Win Myint told the news conference that he was carrying out his duties in line with the rules and regulations of the Hluttaw.

U Tun Tun Hein, the chair of the Pyithu Huttaw Bill Committee and a member of the NLD’s central executive committee, said different opinions were to be expected.

“It’s true that we have challenges – these are jobs that we had never done before. But there are no difficulties that we cannot overcome. For the performances of the Hluttaw, some people will satisfied, but some will not. That is natural.”

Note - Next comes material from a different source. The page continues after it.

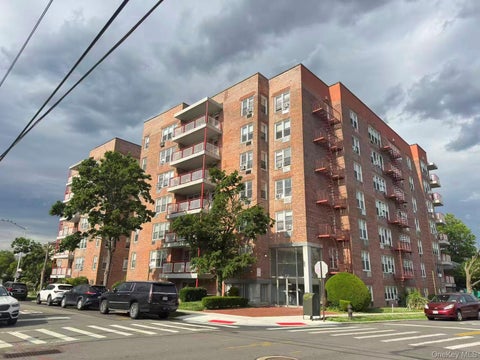 Photo of 34-25 150th Place #4B, Flushing, NY 11354 (MLS # 1010453)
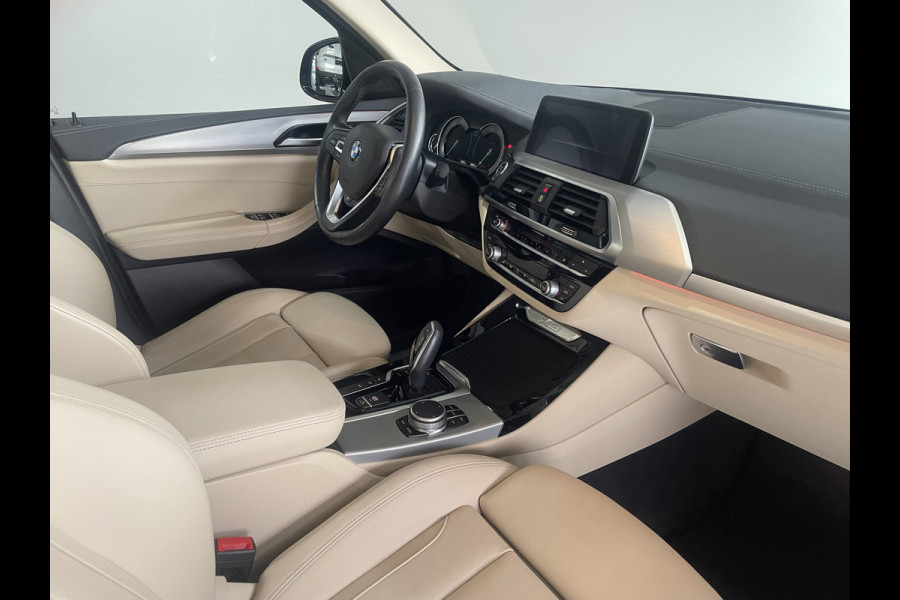 BMW X3 xDrive30i High Executive AUT / Navigatie / 360 Camera Leder / Panorama dak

Open Myanmar Initiative research director U Htin Kyaw Aye said changes were needed to Hluttaw rules and regulations “to reduce controversy” over the inability of the NLD-dominated parliament to function as a more effective check and balance on the executive.

“It is a common situation,” Htin Kyaw Aye told Frontier in the second week of February. “A similar situation occurred when the USDP dominated the Hluttaw.”

Within a few days after his remark, the Hluttaw agreed on February 10 to discuss a proposal, submitted to the Pyithu Hluttaw by U Tin Htway  (NLD, Waw), urging the Union Supreme Court to take steps to reform the judiciary. It has not yet been debated, but is significant in that it is the first proposal submitted to the current Hluttaw focused on judicial reform.

Pyithu Hluttaw MP Daw Khin Saw Wai (ANP, Rathedaung, Rakhine State) said her party was not deterred by the rejection of its proposals and would continue to table motions in the parliament.

“It is a challenging situation because the speakers are over-anxious about the risk of making a mistake,” Khin Saw Wai told Frontier. “We have to work harder.”